Introduction
Adverse events in healthcare represent a major source of morbidity and mortality and result in substantial societal costs.1–4 Hospitals in numerous countries, such as the Netherlands, the USA, Canada, Australia and the UK, aim to learn from previous events by thoroughly investigating these. In particular, hospitals invest in studying the events that have caused temporary or permanent disability, death or prolonged hospital stay, also known as sentinel events or serious adverse events (SAEs).5–10 After hospitals investigate a SAE, they write a detailed report. This report starts with a comprehensive reconstruction of the event and concludes with a root cause analysis (RCA), in which hospitals search for root causes and formulate recommendations to prevent recurrence.11 SAE investigations and the associated reports offer great potential for hospitals to learn from each other and improve patient safety. However, SAE investigations and analyses are being criticised for oversimplification,12 resulting in weak solutions,10 11 13 and overall ineffectiveness.11 13–15 Two important shortcomings impede hospitals in particular in their ambition to learn from SAEs.

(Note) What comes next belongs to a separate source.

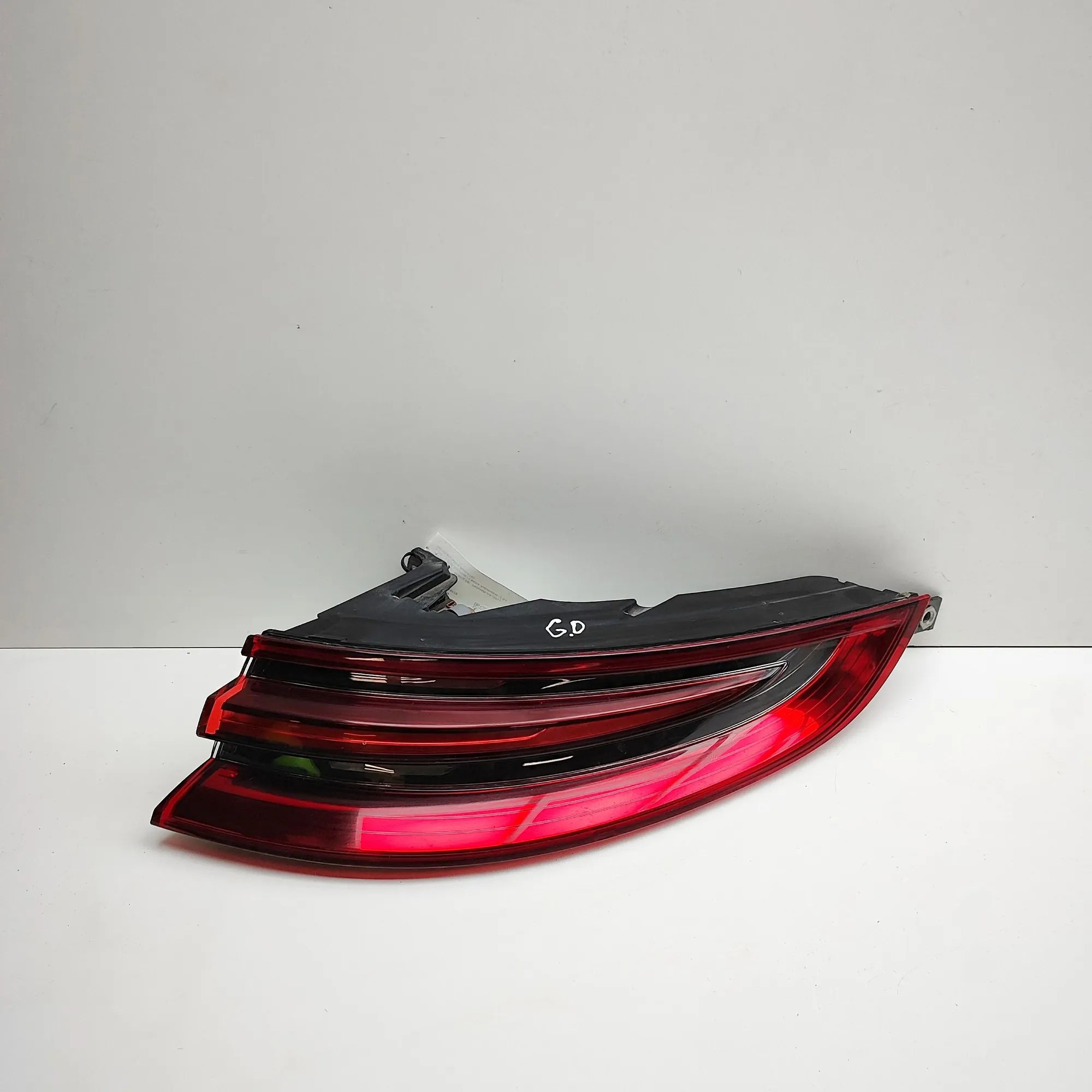 Porsche Panamera Rear Right Tail Light 971945092B Rear Right Tail Light PORSCHE PANAME...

First, SAE investigations often neglect the complexity of healthcare.13 15 Current methods applied for SAE analysis, focus on finding one linear root cause, even though SAEs are more likely to arise from interactions and combinations of causes and contributing factors in the complex healthcare system.10 13 14 SAE analysis thus needs a shift from focusing on finding the ‘one’ linear root cause towards searching for the combination of interrelated contributing factors and causes. The incorporation of human factors thinking in SAE analysis is assumed to induce this shift.16–20 Human factors is concerned with the understanding of interactions and interdependencies between humans and other elements of a work system.21–23 It searches for opportunities to design healthcare systems that have a greater tolerance of faults and thus might improve the resilience of the system.24–26 One model that integrated principles of human factors into the healthcare domain is the Systems Engineering Initiative for Patient Safety (SEIPS).27–32 This theoretical model is used to study patient safety hazards and adverse events in various healthcare settings.16 30–35 SEIPS is based on the well-known structure–process–outcome model for healthcare quality.36 It therefore is assumed to be familiar to audiences working in healthcare quality and patient safety.31 Although the potential of SEIPS to improve patient safety is proven,31 adoption of the model in retrospective SAE analysis is still limited and should be refined and accelerated.16 30
A second shortcoming of current SAE investigations is that hospitals typically focus on single events within their own organisation,13 14 even though attempts to learn from aggregate analysis of multiple events across hospitals, as already performed in Australia37 and the USA,38 39 are believed to improve learning.38–41 It helps to discover combinations of recurring, underlying, patterns of causes and contributing factors42 and may improve the formulation of more effective, system-aimed recommendations.14 38 However, methods for analysing SAEs vary substantially,10 which complicates aggregate cross-hospitals analysis of SAEs. For example, in the Netherlands, where aggregate analysis of SAEs is scarce, hospitals use three differing methods for analysing SAEs41 43 44: Prevention and Recovery Information System for Monitoring and Analysis (PRISMA-medical),45 Tripod Beta46 and Systemic Incident Reconstruction and Evaluation (SIRE).47 These methods are useful for a structured analysis of SAEs, yet based on their description in scientific articles,41 44 48 49 anecdotal evidence43 46 47 and experience, each method has its own approach, focus and limitations. PRISMA-medical, for example, is highly analytical and categorises latent (technical and organisational) as well as active (human) failures.45 However, the absence of organisational or technical barriers that could prevent SAEs are not considered a root cause in this method.50 Tripod Beta, however, thoroughly investigates system failures and organisational barriers that could prevent SAEs. However, human errors are also explained as organisational or system failures,46 49 even though evidence indicates that flaws in the system and cognitive factors play an important role in the emergence of human error.51–53 SIRE, in turn, emphasises particularly on the primary process and provides a comprehensive narrative description of the event.47 54 To ease aggregate cross-hospital analysis of SAEs, Smits et al43 made a primary attempt to integrate the structures and foci of PRISMA-medical, SIRE and Tripod Beta into a generic framework. Anecdotal evidence of the benefits of this framework to perform an aggregate cross-hospital analysis was presented, but the study emphasised the importance of further development and evaluation.43
Addressing the complexity of healthcare13 and using a consistent method10 41 could thus improve learning from SAEs. This could help to formulate more effective recommendations to enhance patient safety. An alternative approach to study SAEs is therefore necessary. This study aims to develop a novel generic analysis method (GAM) that integrates the SEIPS model31 32 and the PRISMA-medical, SIRE and Tripod Beta framework43 to: (1) facilitate a more holistic analysis using a human factors perspective and (2) ease aggregate analysis across hospitals.